Recommended Informed Consent Language for Data Sharing
Language to Avoid
Promises in the informed consent can appear to limit an investigator's ability to share data with the research community. In reality, investigators can inform study participants that they are scientists with an obligation to protect confidentiality and still share the study data with the broad scientific community. Many effective means exist to create public-use data files or share restricted-use data files under controlled conditions. That is, data can be modified to reduce the risk of disclosure or shared with additional safeguards while preserving their value for science.
Model Language
Here are two model statements investigators may use in informed consents to describe protection of confidentiality that also allows data sharing.

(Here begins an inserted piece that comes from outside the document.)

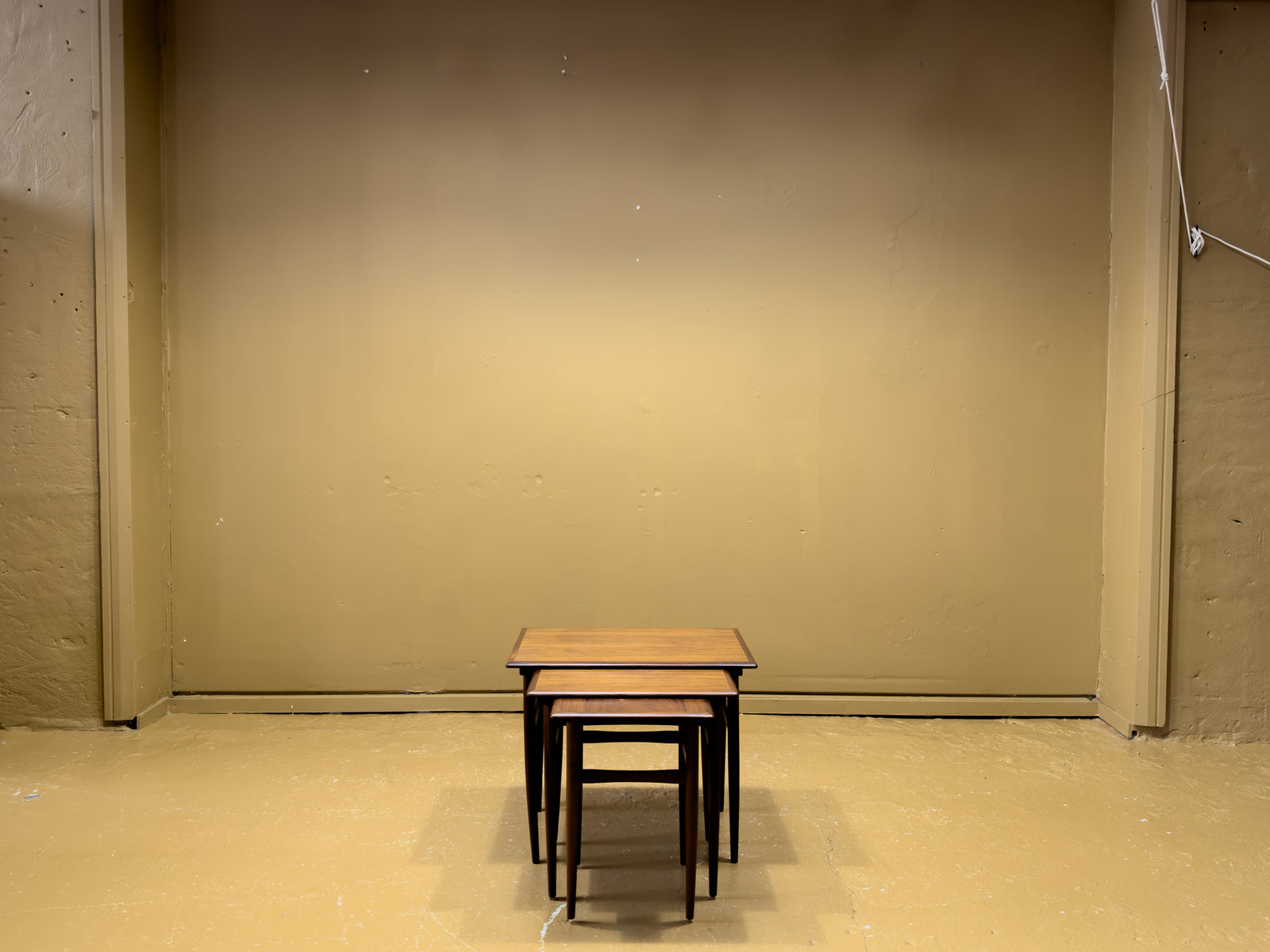 Nesting tables rosewood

Sample 1. Study staff will protect your personal information closely so no one will be able to connect your responses and any other information that identifies you. Federal or state laws may require us to show information to university or government officials (or sponsors), who are responsible for monitoring the safety of this study. Directly identifying information (e.g. names, addresses) will be safeguarded and maintained under controlled conditions. You will not be identified in any publication from this study.
Sample 2. The information in this study will be used only for research purposes and in ways that will not reveal who you are. Federal or state laws may require us to show information to university or government officials (or sponsors) who are responsible for monitoring the safety of this study. You will not be identified in any publication from this study.
Known Concerns and Recommended Alternatives
Concern 1
Terms such as "anonymous" and "de-identified" are undefined and left open to interpretation. Some data are collected anonymously as directly identifying information is never obtained. De-identification may involve more than removing direct identifiers. Indirect identifiers in the file may still be used in combination to isolate a subject that is unique on certain characteristics. Even using the "safe harbor" method of de-identification by removing 18 specified elements still requires the covered entity to affirm it has no "actual knowledge that the remaining information alone or in combination with other information can be used to possibly identify the subject" (source).
Recommendations:
Use descriptive sentences that state what information will not be shared:
- "Any personal information that could identify you will be removed or changed before files are shared with other researchers or results are made public."
- "Your answers to the questions I ask will be anonymous. That is, I will not ask for your name, and we will not attach your name or jail number to your answers."
- "The Personally Unidentified Study Data does not include your name, address, telephone or social security number."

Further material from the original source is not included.